Everything from the line containing "Reitturnier Herbern 2021" through the last line of the listing below should be returned exactly, except for pictures.
====== Source data ======
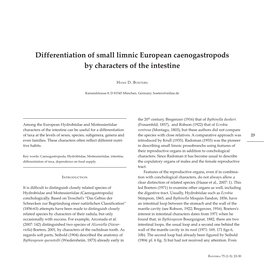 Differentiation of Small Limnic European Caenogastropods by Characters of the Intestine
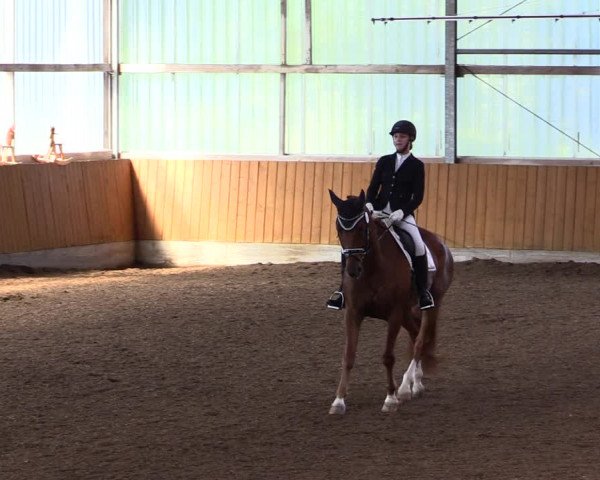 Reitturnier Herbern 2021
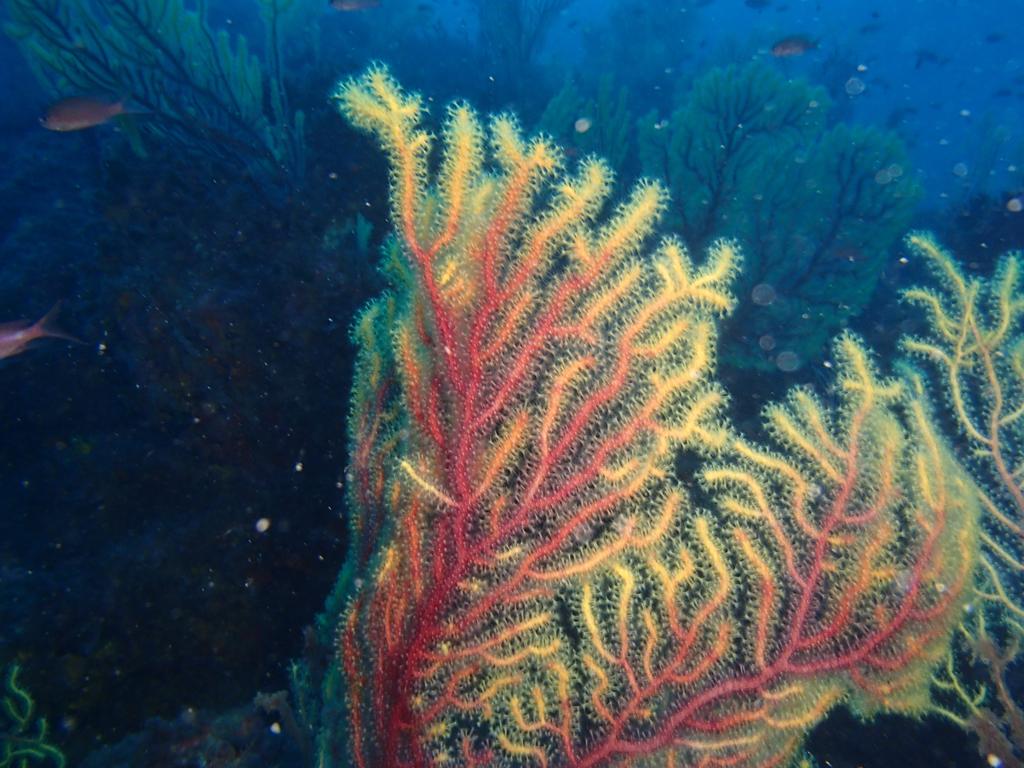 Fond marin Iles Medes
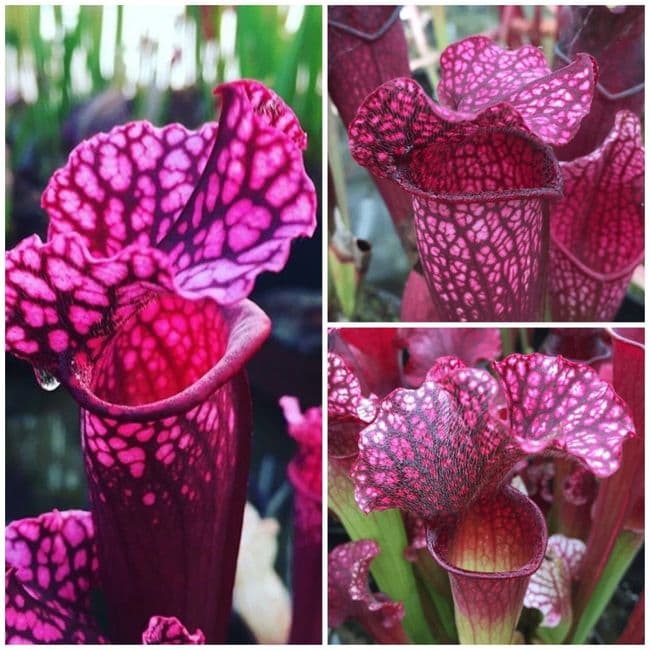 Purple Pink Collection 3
======
— Finished exercise —
 Reitturnier Herbern 2021
 Fond marin Iles Medes
 Purple Pink Collection 3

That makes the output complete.